_EXERCISE_
Drop every picture, then transcribe the remaining data exactly.

--- TASK DATA ---

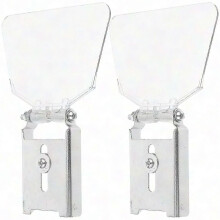 Bench Grinder Eye Shield Replacement - Safety Guard Attachment for Bench Grinders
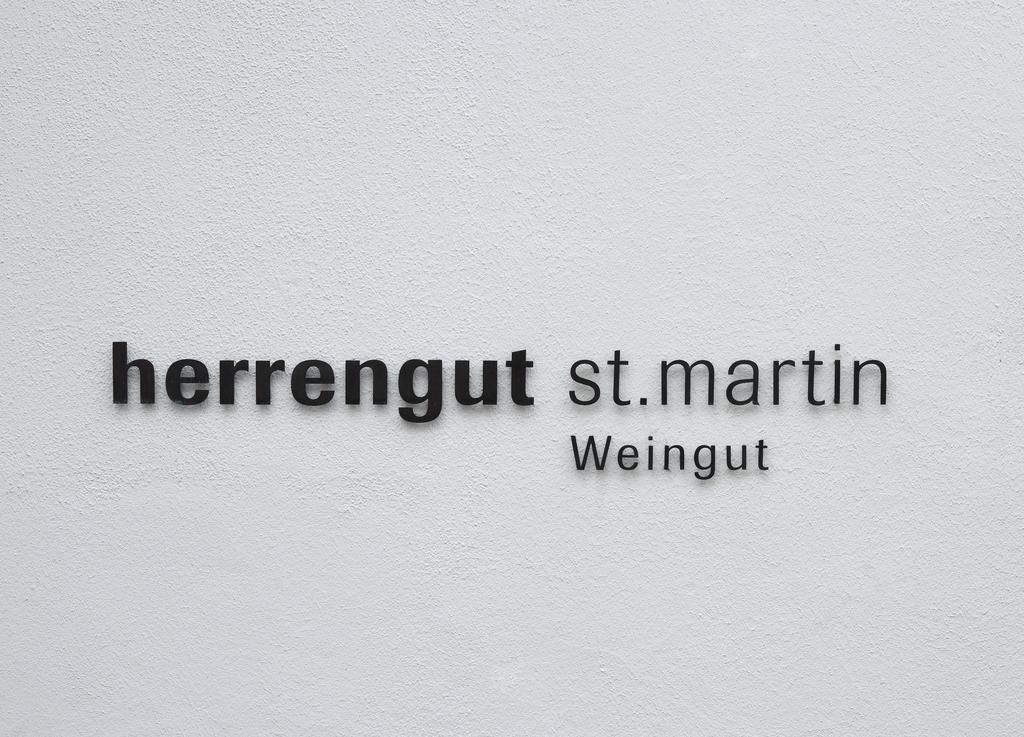 Hotel Consulat des Weins à Sankt Martin Extérieur photo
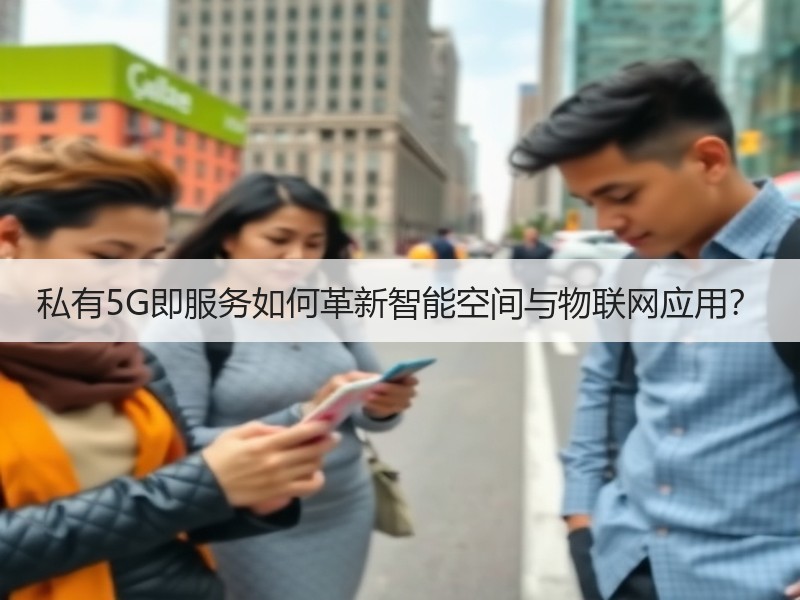 私有5G即服务如何革新智能空间与物联网应用？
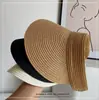 Sombrero de Paja de Verano 2026 con Parte Superior Abierta, Sombrero de Sol de Verano para Mujer Moderno y Versátil, Sombrero de Sol Enrollable, Sombrero de Paja para Mujer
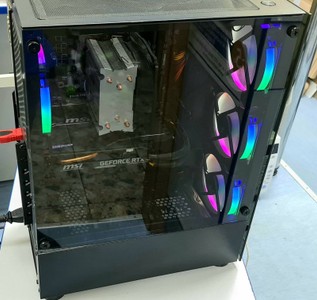 Б/у Системный блок Пк intel core i5-9400f/ram 16 gb/hdd 1000 gb/ssd 240 gb/nvidia rtx 2060 (geforce) 6gb gddr6 192bit 01-200945990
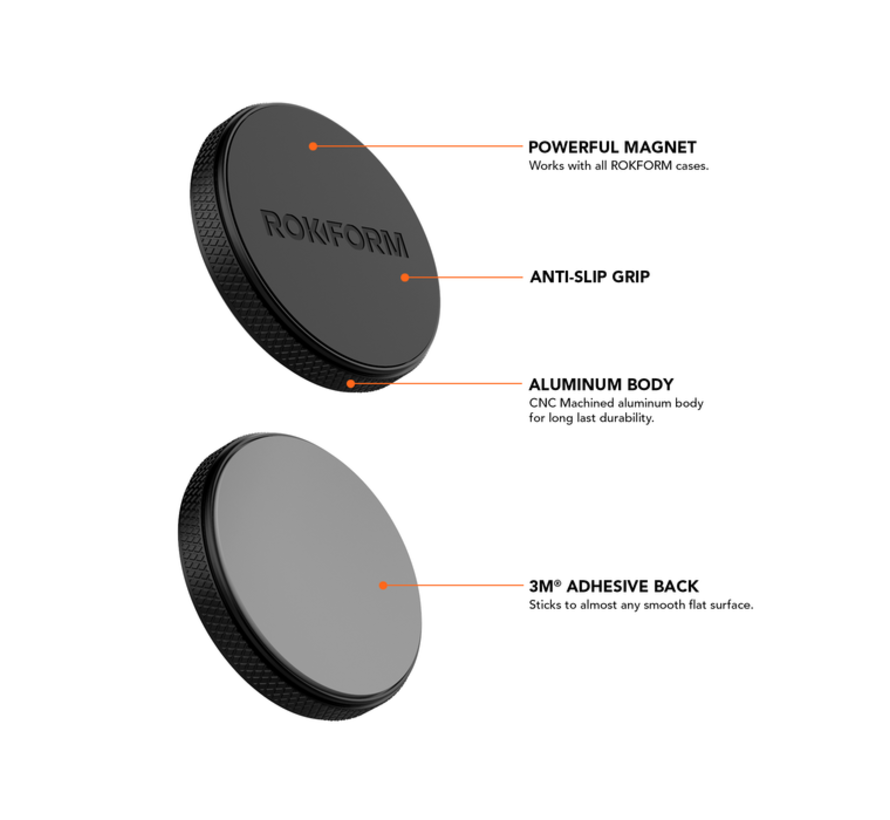 Low Pro Magnetic Car Dash Mount Telefoonhouder Auto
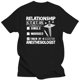 thumbnail image 1 of Camiseta de anestesólogo para hombre camiseta personalizada de manga corta S-XXXL ajustada holgada traje de primavera y otoño, 1 of 6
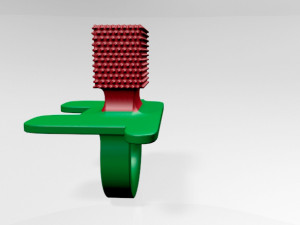 Baby Teething Toy 02 3D Model
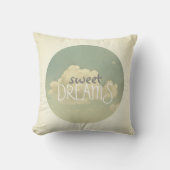 liefje blauwe hemel citeert kussen thuisdecor (Voorkant)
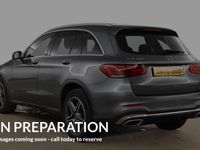 Used Mercedes GLC300 AMG line 258 HP (189 kW) 2020 Grey Estate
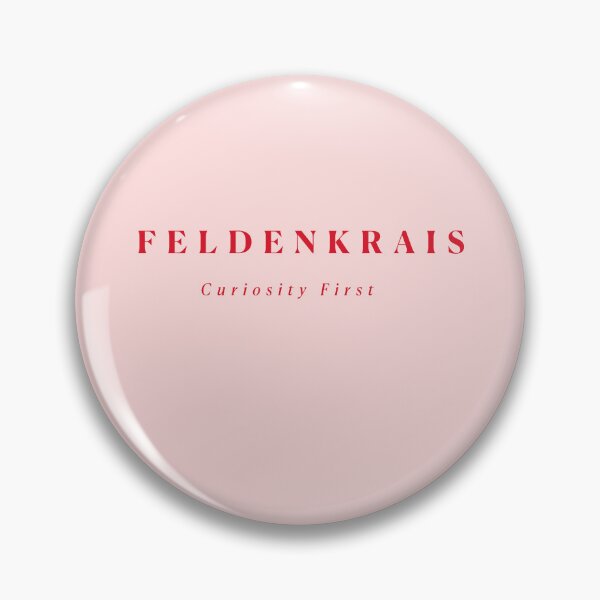Item preview, Curiosity First Feldenkrais - red designed and sold by Feldymerch.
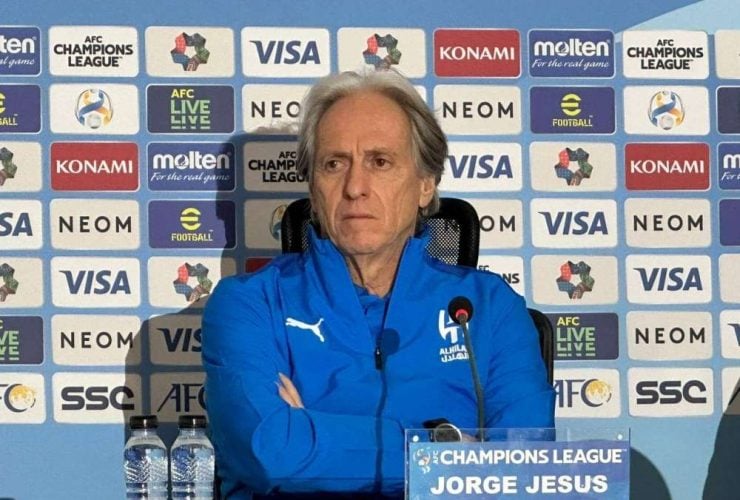 جيسوس مدرب الهلال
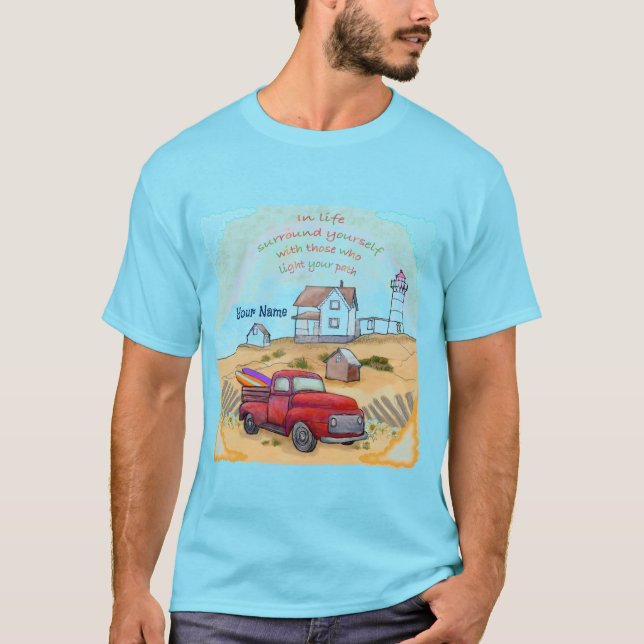 Camiseta  Path Lighthouse (Frente)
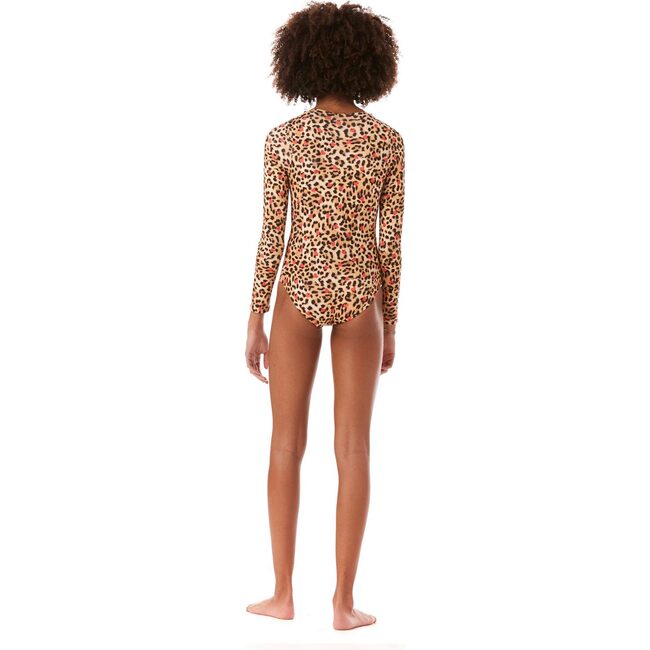Scuba Do One Piece Rash Guard, Tiny Hearts Print - One Pieces - 6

---

_RESULT FOR THIS TASK_
 Bench Grinder Eye Shield Replacement - Safety Guard Attachment for Bench Grinders
 Hotel Consulat des Weins à Sankt Martin Extérieur photo
 私有5G即服务如何革新智能空间与物联网应用？
 Sombrero de Paja de Verano 2026 con Parte Superior Abierta, Sombrero de Sol de Verano para Mujer Moderno y Versátil, Sombrero de Sol Enrollable, Sombrero de Paja para Mujer
 Б/у Системный блок Пк intel core i5-9400f/ram 16 gb/hdd 1000 gb/ssd 240 gb/nvidia rtx 2060 (geforce) 6gb gddr6 192bit 01-200945990
 Low Pro Magnetic Car Dash Mount Telefoonhouder Auto
 thumbnail image 1 of Camiseta de anestesólogo para hombre camiseta personalizada de manga corta S-XXXL ajustada holgada traje de primavera y otoño, 1 of 6
 Baby Teething Toy 02 3D Model
 liefje blauwe hemel citeert kussen thuisdecor (Voorkant)
 Used Mercedes GLC300 AMG line 258 HP (189 kW) 2020 Grey Estate
Item preview, Curiosity First Feldenkrais - red designed and sold by Feldymerch.
 جيسوس مدرب الهلال
 Camiseta  Path Lighthouse (Frente)
Scuba Do One Piece Rash Guard, Tiny Hearts Print - One Pieces - 6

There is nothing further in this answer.